Sadio Mané et ses coéquipiers ont célébré ce deuxième sacre avec faste dans les rues de Dakar dès leur retour au pays. La fête était totale avec les félicitations du président de la République. Deux mois après, le sacre est remis au Maroc sur tapis vert. Pourtant, la CAF, via sa commission des arbitres, avait laissé la rencontre se poursuivre. Les deux équipes avaient d’ailleurs été sévèrement sanctionnées par le jury disciplinaire suite à des écarts observés. Mais la fédération royale marocaine de football avait saisi le jury d’Appel pour qu’il examine les articles 82 et 84 du règlement de la compétition.
Cette instance de la CAF a donné raison au Maroc deux mois après la finale. Une décision qui fait jaser dans les couloirs. Car ces dernières années, cette instance est au centre des critiques. L’organisation peine à redorer son image avec ses décisions balbutiantes. Les compétitions connaissent des changements inattendus de calendrier, l’arbitrage lors de la dernière CAN était en dessous de la moyenne.
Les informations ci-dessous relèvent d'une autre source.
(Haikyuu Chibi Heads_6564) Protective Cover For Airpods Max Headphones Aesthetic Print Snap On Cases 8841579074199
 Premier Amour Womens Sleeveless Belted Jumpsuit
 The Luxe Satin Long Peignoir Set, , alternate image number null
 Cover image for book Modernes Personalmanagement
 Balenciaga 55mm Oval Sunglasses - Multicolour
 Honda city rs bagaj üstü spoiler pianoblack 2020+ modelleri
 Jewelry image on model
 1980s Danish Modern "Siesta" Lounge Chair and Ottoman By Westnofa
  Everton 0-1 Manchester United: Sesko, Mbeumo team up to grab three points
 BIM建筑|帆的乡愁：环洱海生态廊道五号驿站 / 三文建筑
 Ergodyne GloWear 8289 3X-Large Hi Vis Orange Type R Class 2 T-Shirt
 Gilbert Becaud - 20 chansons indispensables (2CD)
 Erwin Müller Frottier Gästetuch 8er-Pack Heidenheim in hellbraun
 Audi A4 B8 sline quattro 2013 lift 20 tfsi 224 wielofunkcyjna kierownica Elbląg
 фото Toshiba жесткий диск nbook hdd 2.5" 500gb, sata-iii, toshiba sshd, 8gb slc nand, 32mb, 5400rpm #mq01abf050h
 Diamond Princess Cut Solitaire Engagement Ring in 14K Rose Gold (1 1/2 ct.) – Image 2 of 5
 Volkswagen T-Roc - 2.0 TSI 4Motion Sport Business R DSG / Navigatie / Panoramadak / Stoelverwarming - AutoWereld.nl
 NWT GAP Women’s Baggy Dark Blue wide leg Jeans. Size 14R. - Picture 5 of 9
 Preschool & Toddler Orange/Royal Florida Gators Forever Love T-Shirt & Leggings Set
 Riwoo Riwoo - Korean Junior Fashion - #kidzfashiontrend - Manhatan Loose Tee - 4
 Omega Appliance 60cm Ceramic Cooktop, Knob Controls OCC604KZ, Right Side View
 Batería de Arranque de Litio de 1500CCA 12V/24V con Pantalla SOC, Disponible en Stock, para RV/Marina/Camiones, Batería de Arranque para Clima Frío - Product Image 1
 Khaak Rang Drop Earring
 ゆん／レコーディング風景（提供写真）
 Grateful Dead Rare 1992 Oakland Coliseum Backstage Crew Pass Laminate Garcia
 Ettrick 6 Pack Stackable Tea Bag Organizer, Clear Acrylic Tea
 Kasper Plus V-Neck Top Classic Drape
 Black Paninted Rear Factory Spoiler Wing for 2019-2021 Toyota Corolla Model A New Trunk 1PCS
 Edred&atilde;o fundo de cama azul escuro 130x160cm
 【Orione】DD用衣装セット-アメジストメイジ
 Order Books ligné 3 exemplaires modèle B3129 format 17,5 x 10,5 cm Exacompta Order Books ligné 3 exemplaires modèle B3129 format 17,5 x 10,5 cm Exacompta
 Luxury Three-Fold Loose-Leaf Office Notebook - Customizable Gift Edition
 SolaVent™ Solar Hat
Samir Nasri n’a pas caché sa gêne face à cette Confédération africaine de football et ses errements. « … On n’enlève la coupe, on la donne au Maroc pour un défilé dans les rues pour célébrer cette victoire ? Ça décrédibilise la CAF encore une fois », regrette l’ancien international français sur Canal+.
Sur ce dossier, la CAF de Patrice Motsepe est passé à côté. Claude Le Roy n’a pas loupé l’instance dirigée par le milliardaire sud-africain. L’ancien sélectionneur des Lions Indomptables parle d’une décision pitoyable. « Je pense que derrière tout ça, il y a eu plein de magouilles… On est en pleine période électorale. On peut voir tout ce qui se passe… Je pense que tout cela n’est pas terminé. Le Sénégal entrera dans ses droits à la fin de toute cette histoire. C’est pitoyable l’image que donne encore la CAF ». La crédibilité de la CAF est mise à rude épreuve.